A wild, desperate plan began to form in his mind. He was a historian. An academic. But the time for passive observation was over. If the entity wanted the skull back, he would give it to her. He would take the skull out of the house, carry it up Barrow Hill, and return it to the clearing with the standing stones. He would put it back where it belonged. Appease the spirit. End the haunting.
It flew in the face of all the legends, of Mrs. Albright’s stark warning. Don’t you ever take it over the threshold. But the legends were wrong. They were based on the wrong story. The skull wasn’t a talisman protecting the house; it was a poison fouling it. Keeping it here was the problem. Removing it was the solution.
It was logical. It was rational. And it was the only thing he could think of to do, other than run screaming into the night. For the first time since he’d arrived, he felt a sliver of hope, a sense of agency. He was going to take the fight to her.
The sun was setting, painting the study in long, bloody fingers of light. The time was now. There was no point waiting for another night of terror. He would do it at dusk, on the edge of her time, her world. A respectful offering.
He stood up and walked to the cabinet by the fireplace. His heart was a frantic drum against his ribs, a mixture of terror and exhilaration. He was breaking the ultimate taboo. He opened the cabinet door. He reached in and took out the Clarks shoebox.

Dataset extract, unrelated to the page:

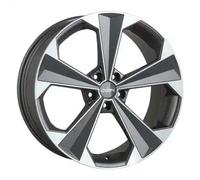 Oxigin 22 OXRS titan polish 8.5x19" ET43 LK5 114.3 ML 66.1 Alufelgen 19 Zoll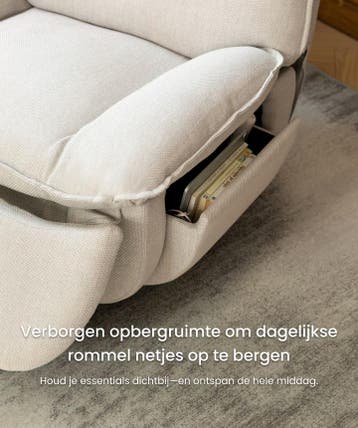 Fauteuil - Relaxfauteuil - Relaxstoel - Schommelstoel - Oran, Huis en Inrichting, Verzenden, Zo goed als nieuw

It felt different. Heavier. And it was cold, so cold it was like holding a block of dry ice. A faint mist of condensation bloomed on the cardboard. He carried it to the desk and set it down in the last of the fading light.
He hesitated for a second, then lifted the lid.
And his breath hitched in his throat, a dry, rattling gasp.
The skull was there, nestled in its bed of yellowed cheesecloth. But it was not alone.
Lying on the cloth, coiled delicately around the dome of the cranium like a dark, obscene serpent, was a single, long strand of coarse black hair.
It was the same hair he had just pulled from the sink.
He stared, his mind refusing to process what he was seeing. It was impossible. He had cleaned the sink, bagged the filth, locked the study door. No one had been in here. No one could have put it there.
No one human, anyway.
His eyes darted around the inside of the box, looking for some other sign, some other change. And then he saw it. In the thin layer of dust on the cardboard bottom of the shoebox, something had been written. It was not writing, not exactly. It was a series of scratches, thin and sharp, as if gouged into the surface by a long, hard fingernail. The scratches were fresh. They spelled out a single word.
BRING
The sliver of hope in his chest shattered into a million icy fragments. This wasn’t his plan. He hadn’t come up with it on his own, a brilliant historian solving an ancient puzzle. He had been led. The diary, the clues, the logical conclusion—all of it had been a carefully laid path, a breadcrumb trail leading him to this exact moment. She hadn’t been screaming for him to return the skull. She had been goading him, testing him, manipulating him into a decision he thought was his own.
This wasn’t an appeasement.
It was an assignation.
And the single, stark word, scratched into the dust by an unseen hand, was not a demand. It was an invitation. An invitation to leave the relative safety of the house and walk up the hill, into the dark woods, into her world. Into her arms.